(Web page caption snippets)
■ ■ ■ ■ ■ ■ ■

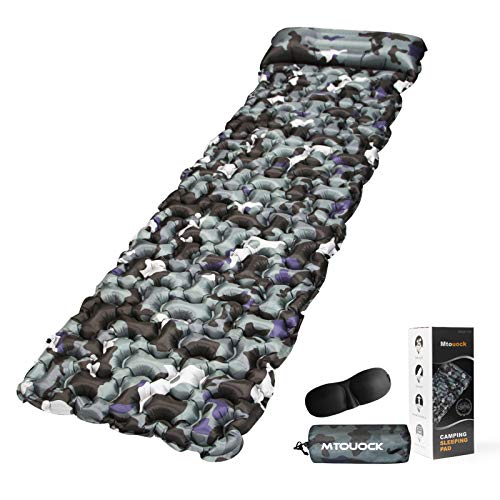 Algopix Similar Product 12 - Mtouock Camping Sleeping Pad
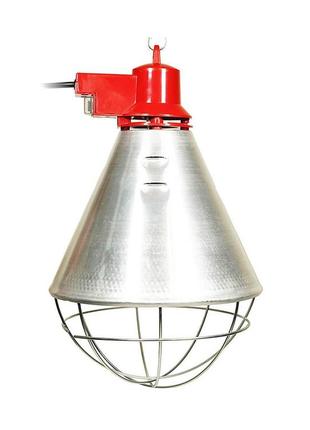 Рефлектор з галогенною лампою (абажур) tehnomur s1014 колір алюміній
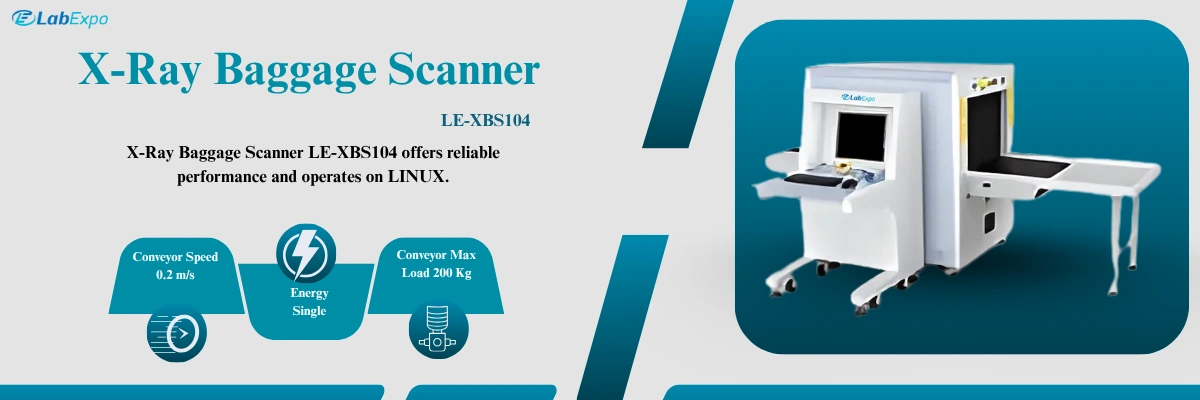 X-Ray Baggage Scanner LE-XBS104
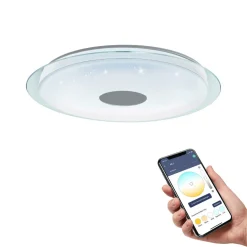 EGLO connect Lanciano-Z LED-taklampe Ø 77 cm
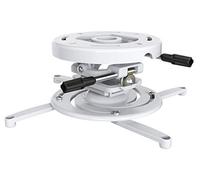 MYW H16WL - Supporto a soffitto per proiettore, bianco, fino a 15 kg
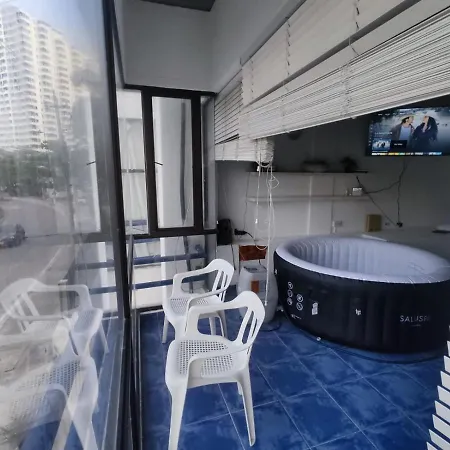 Apartamento Apartamento L-5 Cerca Al Mar Con Aire Acondicionado Y Wifi Cartagena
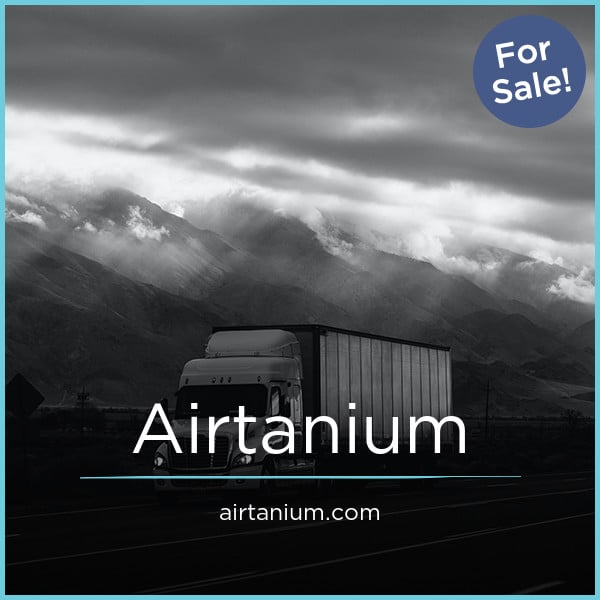 Airtanium.com - Creative domains for sale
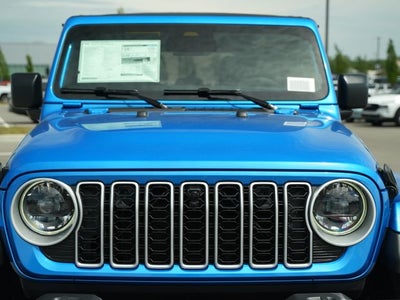 2026 Jeep Wrangler WRANGLER 4-DOOR SAHARA
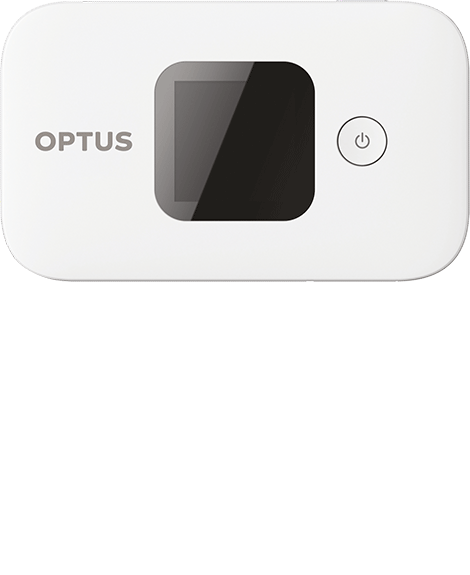 Optus 4G WiFi Modem E5577 (50GB)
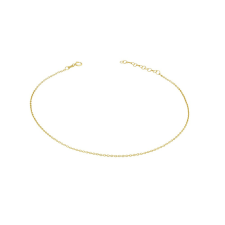 Ékszerkirály 14k arany bokalánc, Anker, 27 cm bokalánc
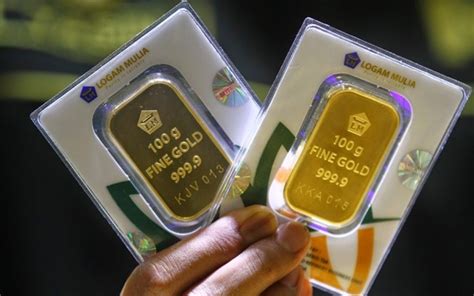 harga emas antam 2010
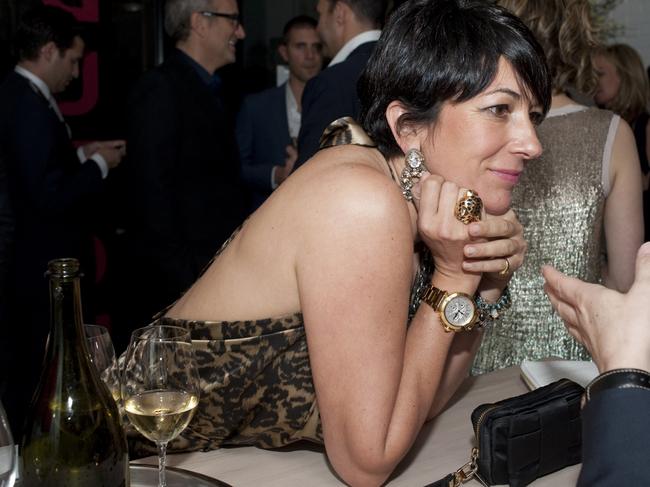 Ghislaine Maxwell is currently behind bars in New York. Picture: Dafydd Jones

■ ■ ■ ■ ■ ■ ■

WORK ORDER - Going from the line holding "harga emas antam 2010" to the last line of the data above, reproduce every line exactly, both included, with the pictures omitted.

WRITTEN ANSWER -
 harga emas antam 2010
 Ghislaine Maxwell is currently behind bars in New York. Picture: Dafydd Jones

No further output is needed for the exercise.